Découpant en tranches les vies d’une demi-douzaine de personnages - deux femmes, un psy, un avocat, un couturier… - gravitant autour du médecin, Le sens de l’orientation est surtout le portrait diffracté d’un praticien aguerri qui navigue pourtant à vue dans ses relations amoureuses, d’un homme plus doué pour la compréhension de la mécanique des corps que du décodage des âmes. Un homme débordant d’une vitalité mâle, jouisseuse et esthète : déguster des grands crus, parler gastronomie, citer aussi spontanément Mallarmé que So foot, piloter toutes sortes d’engins motorisés, escalader les sommets, même si, lors des courses dans le massif des Aiguilles rouges avec son ami Pascal le montagnard, il estime que "le moment suprême, on le trouve au pied de la voie".

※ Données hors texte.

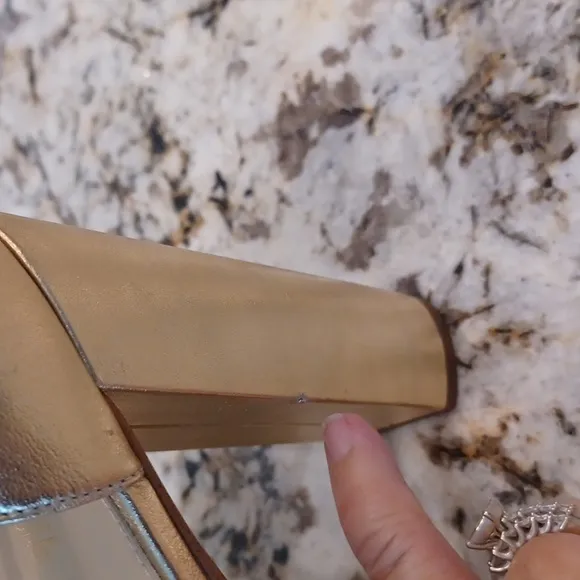 MICHAEL KORS RORY Gold Platform Dressy Open Toe Sandals SZ 9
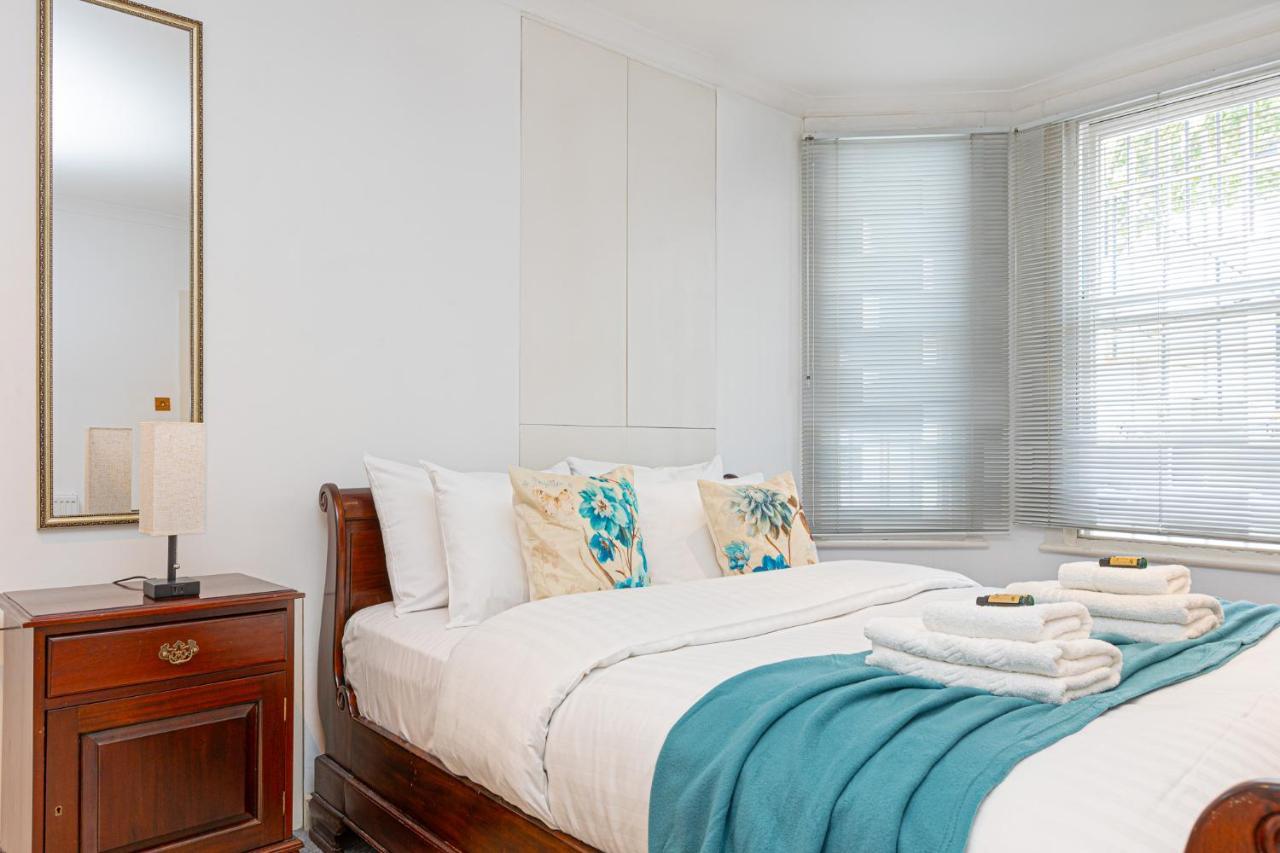 Stunning 2br Flat W2 Patio In Kensington Lägenhet *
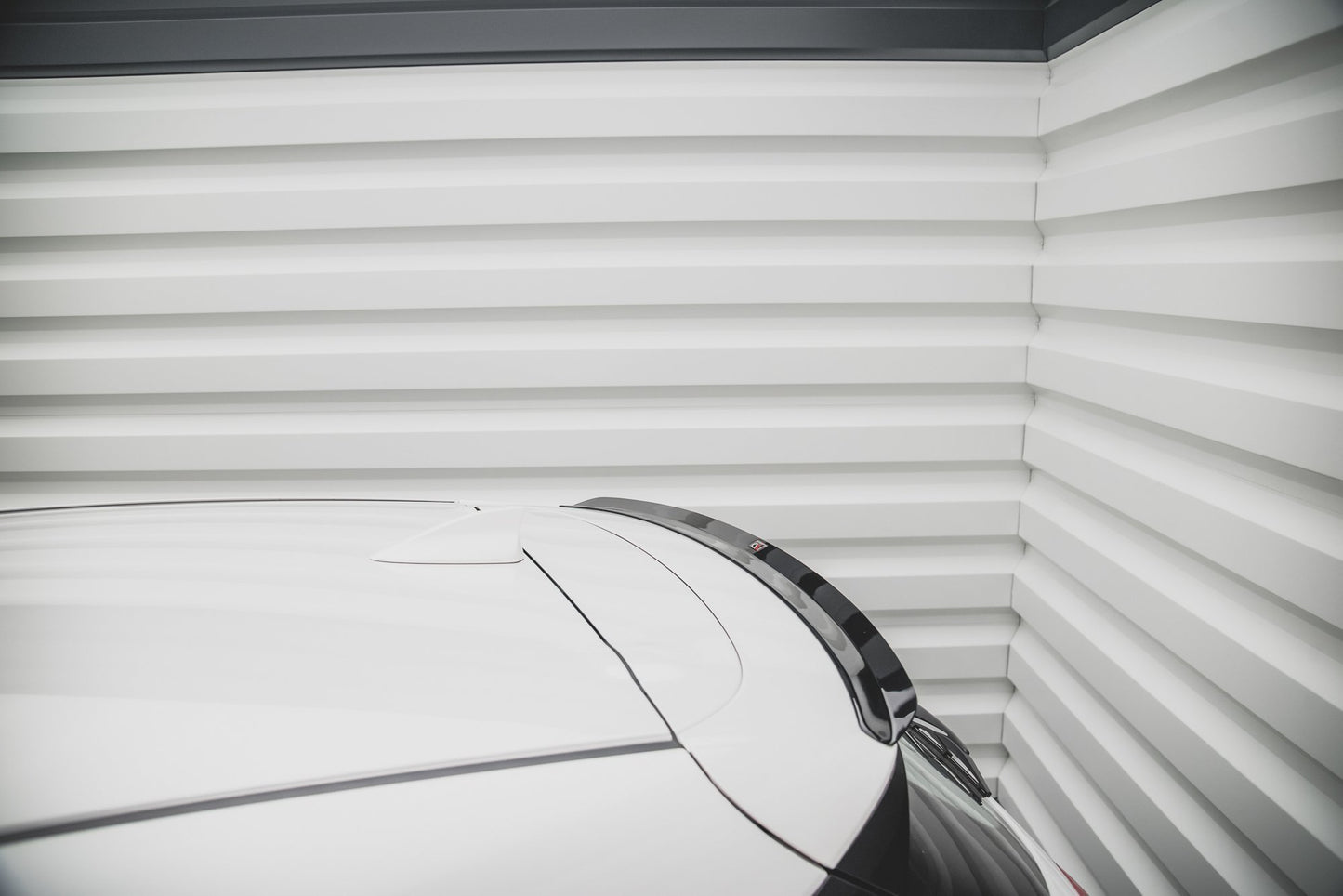 Spoiler cap Mazda CX-3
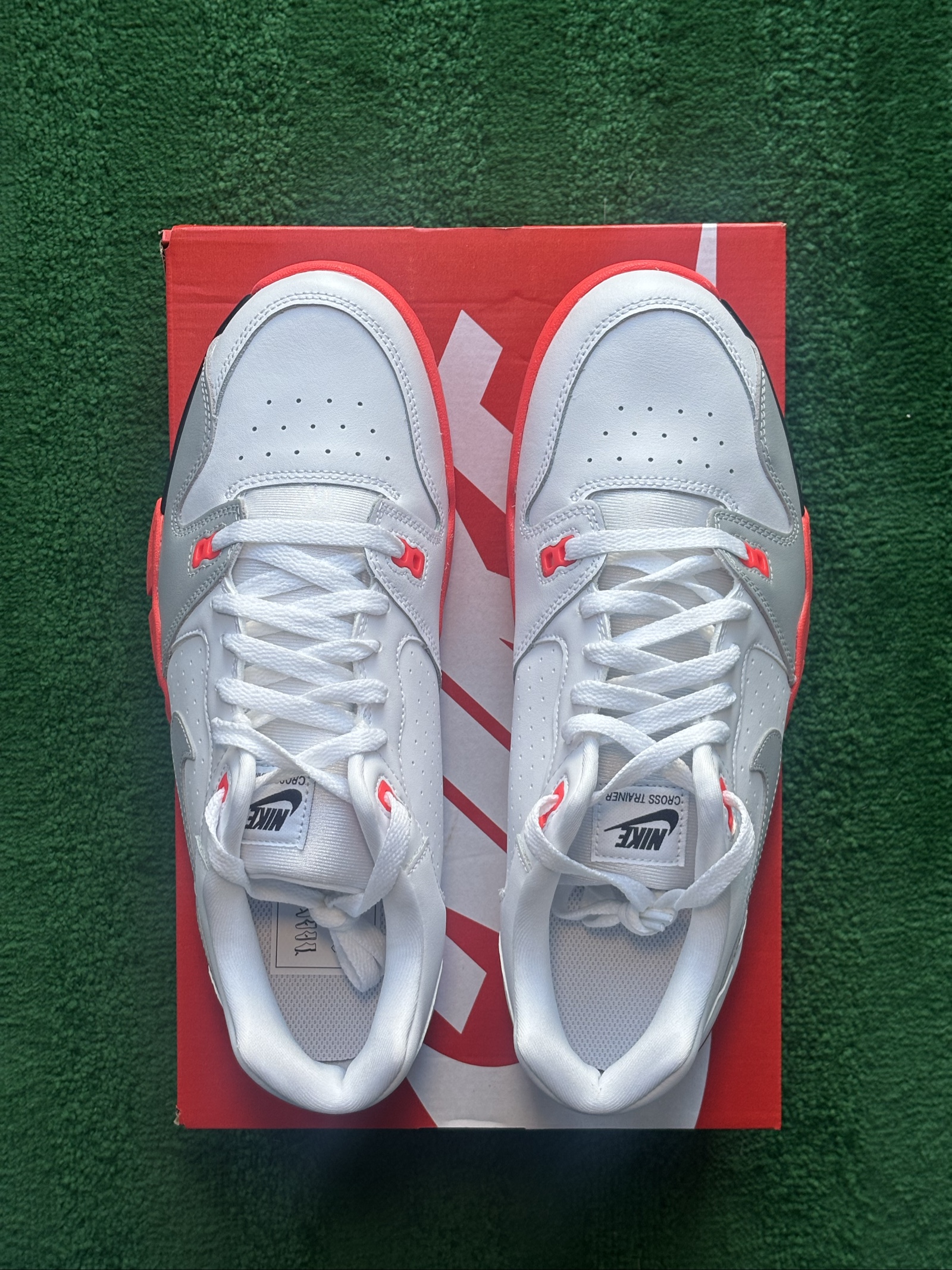 UK 9.5 Nike Cross Trainer | White Crimson Red CQ9182-105 image 3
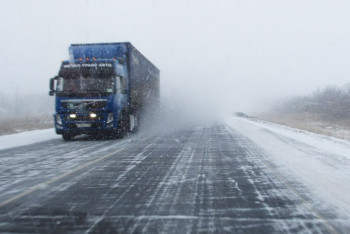 Фотография к новости: На дорогах Жамбылской и Карагандинской областей ограничено движение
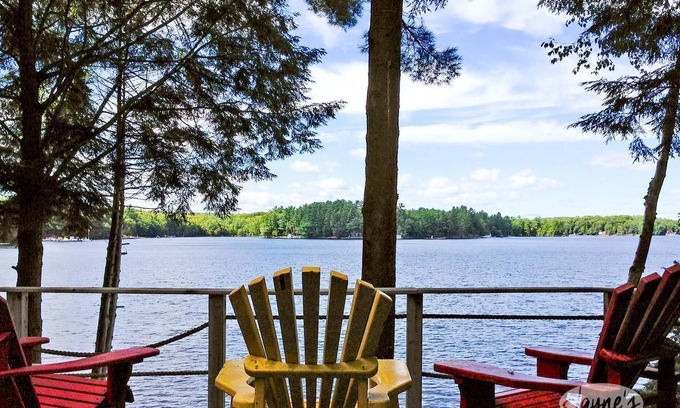 Muskoka Lakes Cottage | MAGICAL LAKE MUSKOKA PROPERTY, 640" LAKE FRONTAGE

Dans son théâtre des opérations, la conduite intérieure est plus erratique. Ferdinand s’égare peu à peu. Sans doute ce qui l’amène deux fois par semaine depuis quatre ans dans le cabinet de Valentin. "Tu as besoin de comprendre… En toutes circonstances, tu veux comprendre ! Tu t’appropries les choses, les gens, les idées, tu les collectionnes. Et tu me fatigues, Ferdinand", lui reproche Eléonore, la mathématicienne qui l’a quitté. Percera-t-il mieux le cœur de Paola, l’Italienne flamboyante, rencontrée dans un bar, le mal nommé L’Etoile du nord ? De tableau en tableau, Arrigo Lessana, auteur de L’aiguille, un récit publié chez Denoël en 2010, trouve une façon plus intime et indéniablement romanesque d’évoquer son fascinant métier. V. R.